### TASK DATA
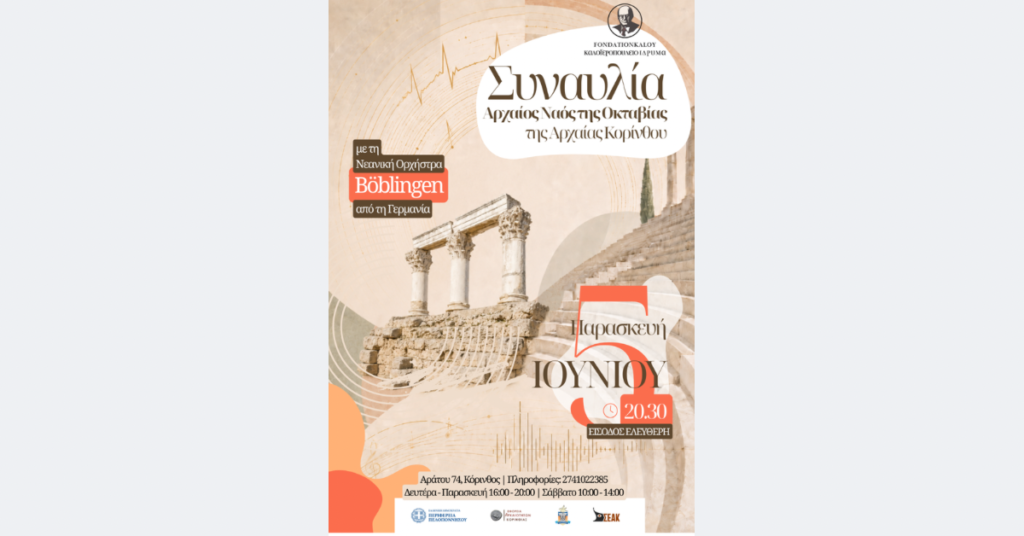 Loutrakitv.gr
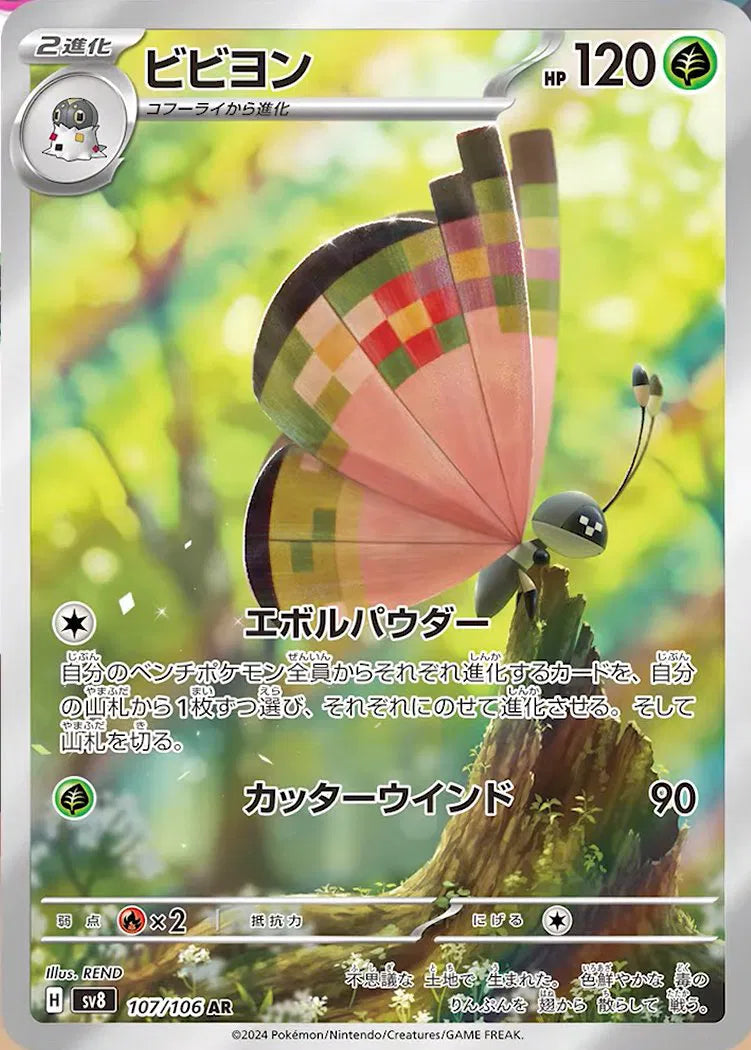 Japanese Vivillon art rare pokemon card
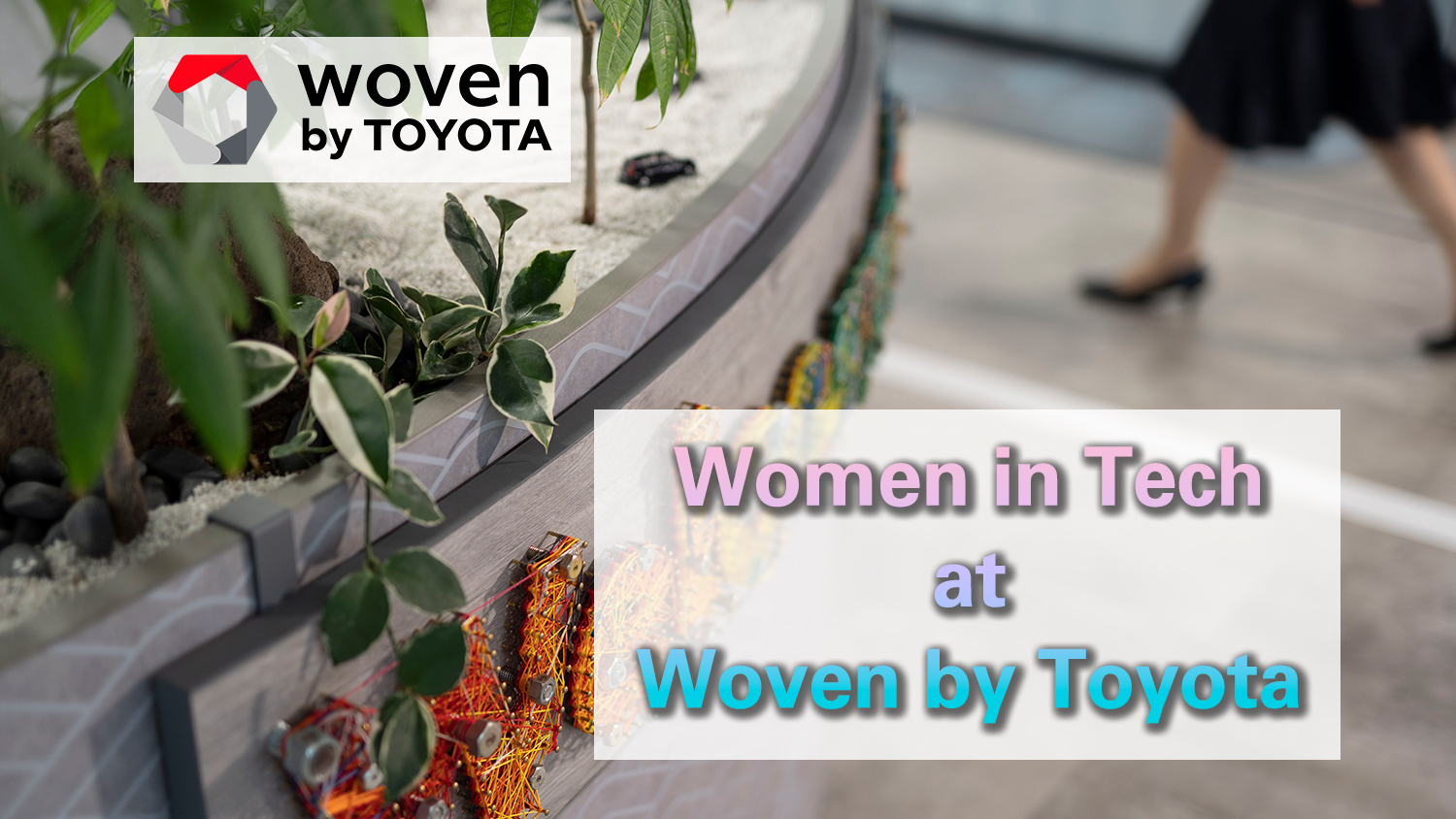タイトル画像：Women in Tech at Woven by Toyota Meetup を開催しました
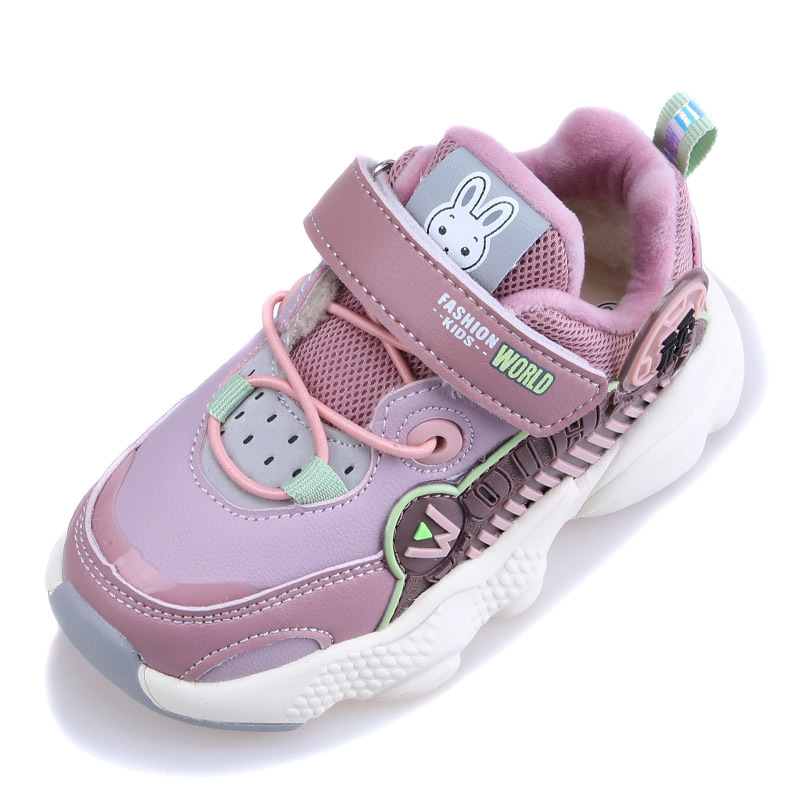 

Кроссовки для девочки World Pink Hello Mifey (25) Фиолетовый (59286)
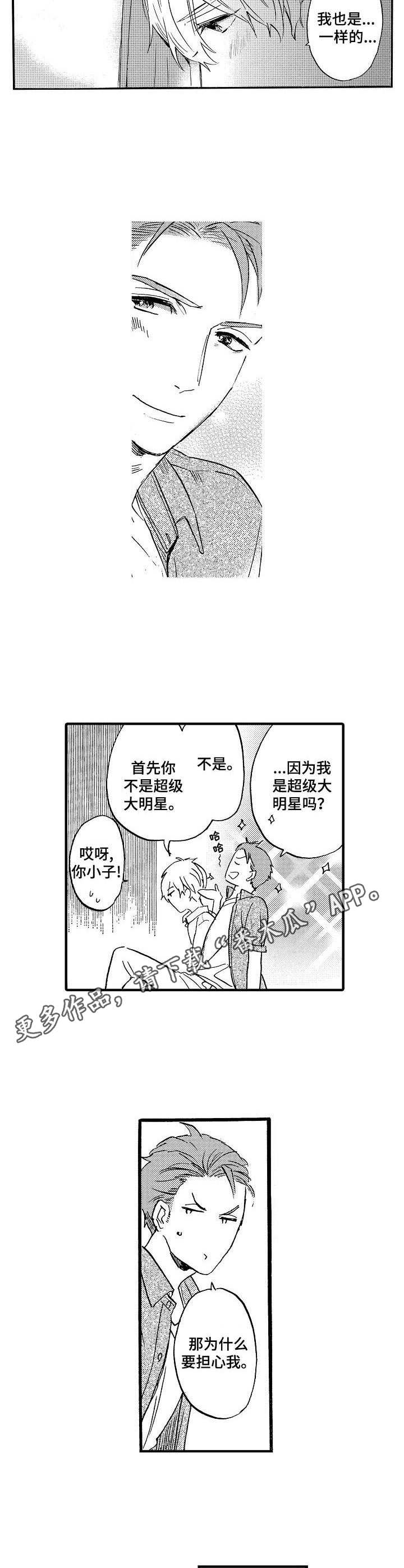 粉丝经济投资收益漫画,第13章：表白4图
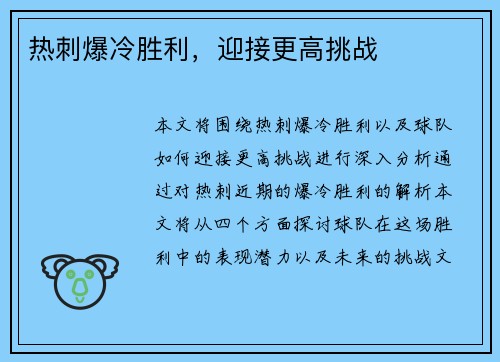 热刺爆冷胜利，迎接更高挑战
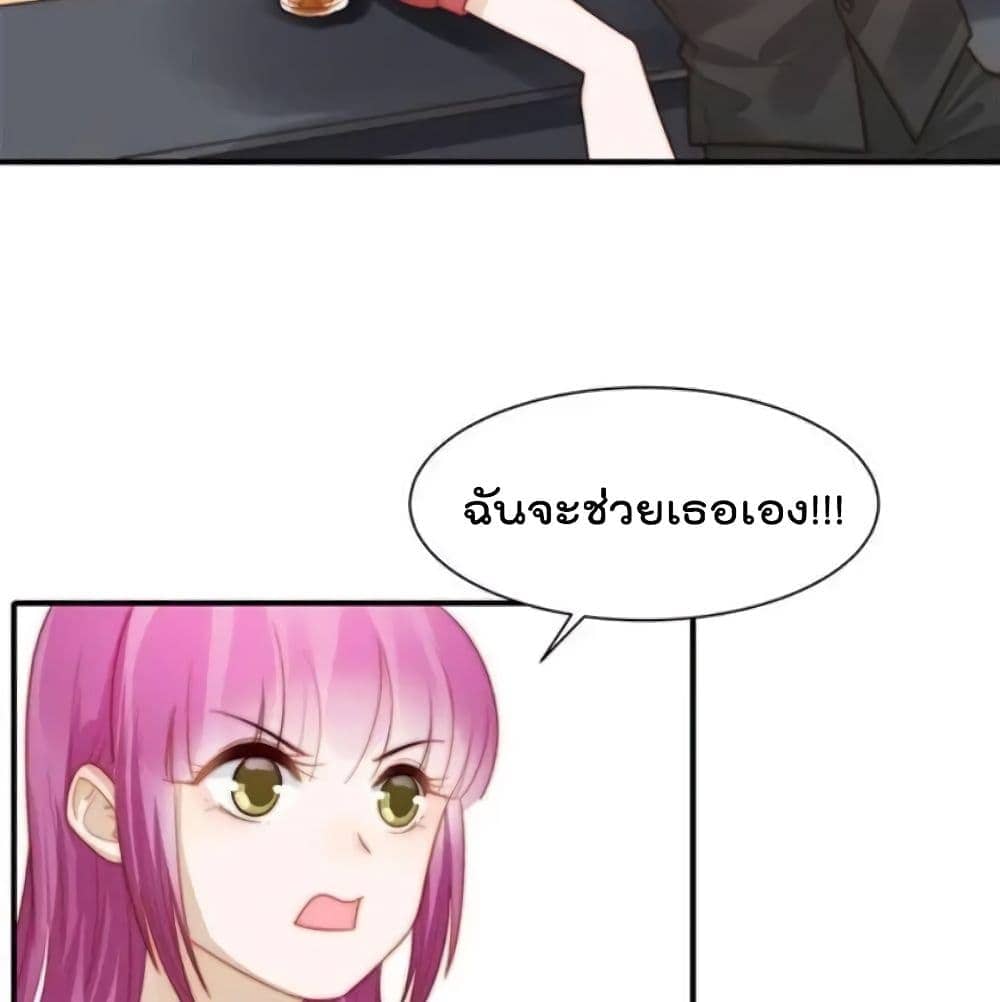 HuiXiYisLoveContract ตอนที่118 (30)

### ASSIGNMENT
An exact copy of the material above is required, minus its images.

### EXERCISE RESPONSE
 Loutrakitv.gr
 Japanese Vivillon art rare pokemon card
タイトル画像：Women in Tech at Woven by Toyota Meetup を開催しました

Кроссовки для девочки World Pink Hello Mifey (25) Фиолетовый (59286)
 粉丝经济投资收益漫画,第13章：表白4图
 热刺爆冷胜利，迎接更高挑战
 HuiXiYisLoveContract ตอนที่118 (30)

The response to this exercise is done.